1.25.2007

it is an island after all



Wow, it snowed!! What a blog-worthy natural phenomenon. No but seriously folks, it was quite comforting to wake up, look out the window, and see 'winter' as I have known it my whole life.

You should have seen the headlines though, you'd have thought it was Katrina all over again. I asked Will early on about snow here, and he said (quite accurately) "it snows for about five minutes, everyone freaks out, and they shut down the underground." Which was exactly how it went down - there were hour-long delays and some lines were out all together. My bus ride was also unusually delayed. Keep in mind that this was a dusting of powder - the photo only looks nice because we can see rooftops and backyards from our 4th floor apartment. On the street, it looked like any other day.


This is a photo of half of my room. Yes, I did pick the purple sheets. Tune in next week to see the other half!

Spent some more time today in the sound editing suite. I loaded the files on that I had recorded on the previously mentioned field recorder. They sound good, but as written in all the reviews I had read about the PMD 660, the preamps are a bit noisy, so you do get a fair amount of hiss on the recording. This depends of course on what you are recording, but I happened to be capturing fairly quiet droning sounds, so it did come through.

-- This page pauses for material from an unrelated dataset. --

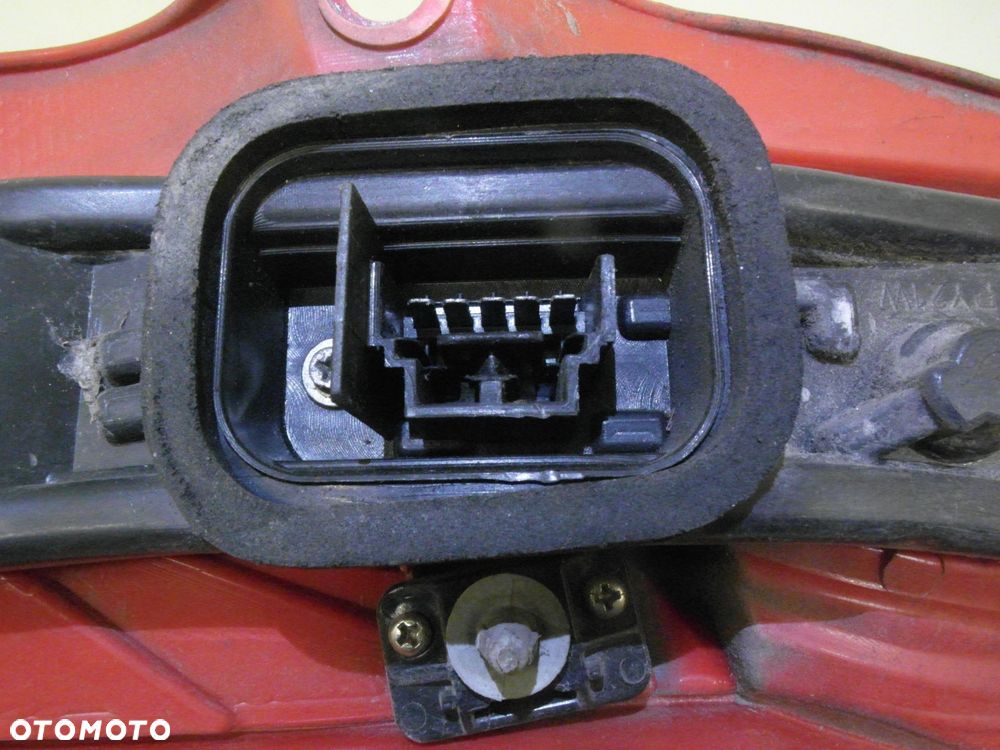 LAMPA PRAWA TYLNA FIAT PANDA II (169_) 086611917R - 5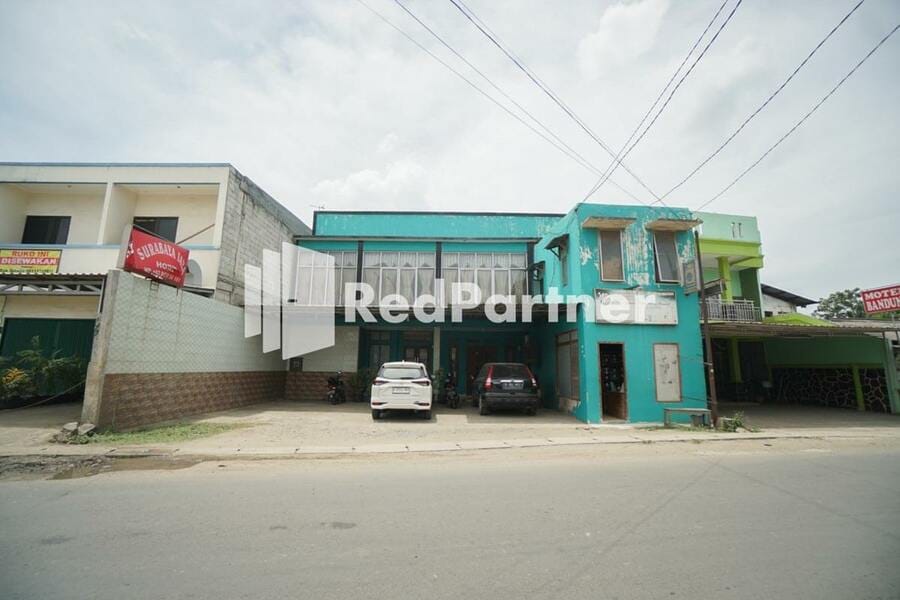 Surabaya Jaya Hotel near Soekarno Hatta Airport Redpartner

While I do enjoy escaping to the sounds of nature, these days I am trying to listen closely to things that are around me all the time. The murmuring dishwasher, Mario's particularly squeeky door, the phone company waking me up at 6:45 this morning on our obnoxiously loud ring with an automated message telling me exactly how to check my voicemail, the wind rattling my room, the way the boiler clicks on whenever you turn the hot water on. Regular stuff.
The field recordings were taken at places which have nice 'naturally occuring' industrial drones, generally caused by some sort of fan or motor, such as this vent nearby one of the CSM buildings, pictured above. I went to these places and recorded myself humming along in close harmony with the naturally occuring drones, moving between unison and slight dissonance, which causes one of my favorite natural sound phonomena of audible beats as the frequencies of myself and the machine come closer together. Other sites included Turbine Hall at the Tate Modern, and the the vent fan in my bathroom.
I'm looking into building my own oscillators so that I could 'play along' with various appliances, or write some sort of score, maybe using fans, dishwashers, I'm not sure yet. Or taking said appliances and oscillators (and voice too) out to these places with exisiting drones, and do it site-specific style, with the 'score' crafted to the particular drone of the place.

Brainstorming.

Tommorrow we install the group curatorial project, which actually will be nice to get out of the way. I met the other girls in our group and we talked our way around into a theme and a basic idea of how/where we'll organize the works... but I don't think we've all got our shit together. Anyways tommorrow will tell, I'll take pics 'cause I have to submit documentation. I think the Invasive Species sound piece will go well with what we have in mind.

Rob and I went to see John at his DJ debut at Cafe 1001 the other night, over on Bricklane. Rob was dubious of the venue from the start, describing as a haven for Trustafarians and 'Spainards.' (by which he really meant guys with dreadlocks, frumpy knit clothes and lil' beards) Yeah basically nothing much to note, lots of me and Rob sitting around making fun of people, the guy playing guitar when we got in there was horrible. Like just screaming out of tune over fuzzy guitar, but it wasn't like once you got used to the scream/fuzz that there was anything worthwile or interesting about it. John was basically just playing songs between acts, Pogues, Clash, etc. Easily the best part.
But what really got to me was the next act, specifically their art-jazz-folk female-acoustic-guitar-lead mediocre cover of Outkast's 'NOW! VOL 27'-fodder smash hit 'Hey Ya.' Oooooh god, and to top it off, the drummer just used farrrr too much splash cymbal. It was the only cymbal he had besides the ride but even so, the splash is only good in moderation.

On a related note, there is a player on Arsenal who looks so much like Andre 3000 in the Hey Ya video (mostly the smooth straight black hair) and I kept wanting to tell someone. But I was watching it in a bar of football-entranced Englishmen, so I figured it was best to keep it to myself for the time being.